ERBIL, Kurdistan Region – Iraqi MPs trapped inside the parliament building for several hours as angry protesters stormed the compound on Saturday have now been freed, and around 70 of them--Kurdish and Sunni MPs--arrived in the Kurdistan Region, where they described today’s events.
Khasro Goran, a member of the Kurdistan Democratic Party (KDP) leadership council left the Iraqi capital by plane and reached Erbil International Airport Saturday evening.
“There was supposed to be a meeting in parliament at 11:00,” Goran told Rudaw at the airport. “The Prime Minister was supposed to come to the parliament and introduce the rest of the [shuffled] cabinet for approval.”

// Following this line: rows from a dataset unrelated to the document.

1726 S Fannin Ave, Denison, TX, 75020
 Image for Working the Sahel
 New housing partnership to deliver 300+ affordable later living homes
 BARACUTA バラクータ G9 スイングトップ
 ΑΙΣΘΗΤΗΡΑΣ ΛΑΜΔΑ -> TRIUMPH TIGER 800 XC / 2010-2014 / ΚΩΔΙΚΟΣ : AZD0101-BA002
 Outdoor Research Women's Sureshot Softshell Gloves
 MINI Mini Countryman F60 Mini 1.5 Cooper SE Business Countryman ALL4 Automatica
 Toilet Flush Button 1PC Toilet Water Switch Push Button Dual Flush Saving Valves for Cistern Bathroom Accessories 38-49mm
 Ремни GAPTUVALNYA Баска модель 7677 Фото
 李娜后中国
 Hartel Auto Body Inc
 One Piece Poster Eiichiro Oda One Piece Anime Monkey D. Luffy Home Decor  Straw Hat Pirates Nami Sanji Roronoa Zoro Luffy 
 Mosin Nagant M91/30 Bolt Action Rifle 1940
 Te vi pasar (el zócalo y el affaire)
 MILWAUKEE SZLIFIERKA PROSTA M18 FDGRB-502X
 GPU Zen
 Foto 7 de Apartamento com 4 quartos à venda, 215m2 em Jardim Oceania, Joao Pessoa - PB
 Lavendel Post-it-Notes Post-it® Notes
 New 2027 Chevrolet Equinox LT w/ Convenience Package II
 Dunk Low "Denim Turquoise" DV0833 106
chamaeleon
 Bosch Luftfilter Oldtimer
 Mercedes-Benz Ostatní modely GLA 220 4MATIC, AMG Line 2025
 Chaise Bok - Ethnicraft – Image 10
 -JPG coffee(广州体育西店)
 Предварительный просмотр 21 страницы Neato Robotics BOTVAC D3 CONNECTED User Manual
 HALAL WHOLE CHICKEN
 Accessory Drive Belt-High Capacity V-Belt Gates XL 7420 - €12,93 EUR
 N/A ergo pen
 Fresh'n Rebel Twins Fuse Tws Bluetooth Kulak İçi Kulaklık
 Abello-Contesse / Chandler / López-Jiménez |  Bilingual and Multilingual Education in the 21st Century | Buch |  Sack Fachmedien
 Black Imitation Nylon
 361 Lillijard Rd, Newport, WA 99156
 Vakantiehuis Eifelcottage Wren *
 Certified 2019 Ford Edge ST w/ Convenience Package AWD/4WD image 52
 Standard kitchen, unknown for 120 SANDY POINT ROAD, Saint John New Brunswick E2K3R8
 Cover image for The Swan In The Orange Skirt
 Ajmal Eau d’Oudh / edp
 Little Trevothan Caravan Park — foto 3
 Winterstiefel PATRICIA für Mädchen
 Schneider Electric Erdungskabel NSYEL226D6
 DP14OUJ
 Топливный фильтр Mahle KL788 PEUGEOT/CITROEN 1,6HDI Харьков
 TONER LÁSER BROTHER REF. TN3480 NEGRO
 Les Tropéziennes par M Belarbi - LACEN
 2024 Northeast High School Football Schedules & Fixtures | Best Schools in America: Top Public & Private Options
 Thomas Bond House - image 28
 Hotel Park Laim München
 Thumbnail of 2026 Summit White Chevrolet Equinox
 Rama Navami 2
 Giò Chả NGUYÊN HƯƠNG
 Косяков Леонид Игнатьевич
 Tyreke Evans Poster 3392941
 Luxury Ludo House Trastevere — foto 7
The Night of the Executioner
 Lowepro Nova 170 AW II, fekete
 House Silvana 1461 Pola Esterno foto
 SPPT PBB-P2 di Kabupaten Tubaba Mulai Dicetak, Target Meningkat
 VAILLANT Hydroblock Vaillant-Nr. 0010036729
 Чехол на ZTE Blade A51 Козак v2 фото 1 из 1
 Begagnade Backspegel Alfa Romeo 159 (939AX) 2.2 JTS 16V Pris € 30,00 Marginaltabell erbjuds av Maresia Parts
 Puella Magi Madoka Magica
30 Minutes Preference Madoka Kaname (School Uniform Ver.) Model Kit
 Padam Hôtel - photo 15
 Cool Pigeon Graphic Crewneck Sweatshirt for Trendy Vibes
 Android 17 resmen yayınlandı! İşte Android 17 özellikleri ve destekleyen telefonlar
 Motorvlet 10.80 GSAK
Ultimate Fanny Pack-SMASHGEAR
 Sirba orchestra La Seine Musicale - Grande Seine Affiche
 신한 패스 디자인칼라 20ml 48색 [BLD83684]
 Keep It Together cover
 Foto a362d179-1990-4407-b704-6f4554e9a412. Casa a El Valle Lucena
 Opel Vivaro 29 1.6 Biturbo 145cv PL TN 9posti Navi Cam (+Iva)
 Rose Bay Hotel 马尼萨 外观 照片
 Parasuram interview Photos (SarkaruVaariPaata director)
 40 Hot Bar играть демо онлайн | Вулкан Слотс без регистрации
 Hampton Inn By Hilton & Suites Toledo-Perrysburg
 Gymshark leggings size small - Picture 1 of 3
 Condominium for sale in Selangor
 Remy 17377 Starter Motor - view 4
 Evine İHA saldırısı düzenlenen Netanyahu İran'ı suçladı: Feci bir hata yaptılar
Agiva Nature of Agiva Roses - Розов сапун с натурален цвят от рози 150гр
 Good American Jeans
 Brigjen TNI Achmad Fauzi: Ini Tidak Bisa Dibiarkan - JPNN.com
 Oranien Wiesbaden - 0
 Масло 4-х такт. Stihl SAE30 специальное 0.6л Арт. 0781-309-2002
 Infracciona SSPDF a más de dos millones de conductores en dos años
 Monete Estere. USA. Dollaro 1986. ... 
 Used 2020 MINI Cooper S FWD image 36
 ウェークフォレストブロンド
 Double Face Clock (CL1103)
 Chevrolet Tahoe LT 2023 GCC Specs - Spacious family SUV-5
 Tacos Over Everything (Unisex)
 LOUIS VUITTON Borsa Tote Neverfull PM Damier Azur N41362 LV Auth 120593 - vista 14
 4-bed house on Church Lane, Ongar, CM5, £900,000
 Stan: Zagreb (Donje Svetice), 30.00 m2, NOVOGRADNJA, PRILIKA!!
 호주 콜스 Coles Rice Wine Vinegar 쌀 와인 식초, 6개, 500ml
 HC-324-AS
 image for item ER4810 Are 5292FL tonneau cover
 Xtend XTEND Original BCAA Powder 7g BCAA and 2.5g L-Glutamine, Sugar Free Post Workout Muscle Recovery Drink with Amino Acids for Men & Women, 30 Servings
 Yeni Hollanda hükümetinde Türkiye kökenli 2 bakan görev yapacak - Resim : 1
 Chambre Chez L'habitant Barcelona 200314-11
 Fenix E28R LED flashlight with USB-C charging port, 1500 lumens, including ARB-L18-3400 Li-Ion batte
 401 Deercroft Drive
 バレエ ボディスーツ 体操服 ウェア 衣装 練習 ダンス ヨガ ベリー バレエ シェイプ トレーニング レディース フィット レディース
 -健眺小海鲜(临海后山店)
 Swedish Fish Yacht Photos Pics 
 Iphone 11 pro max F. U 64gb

Goran said that many MPs were absent for the session as 105 MPs were “on strike” over the announced changes to Prime Minister Haider al-Abadi’s cabinet.
Only some 50 or 60 MPs attended the session, noted Goran, which was not enough for the vote on the new cabinet. The Speaker of the parliament postponed the meeting until next week.
“Soon afterwards protestors entered the parliament and most of the MPs left the parliament quickly,” Goran said, adding that Kurdish MPs were advised to get to the Baghdad airport as quickly as possible.
The MPs, as far as Goran is aware, were not in danger from the protesters because they were able to leave so quickly. “We were not threatened, but if we had stayed inside the parliament, we would have been hurt by some people,” he said.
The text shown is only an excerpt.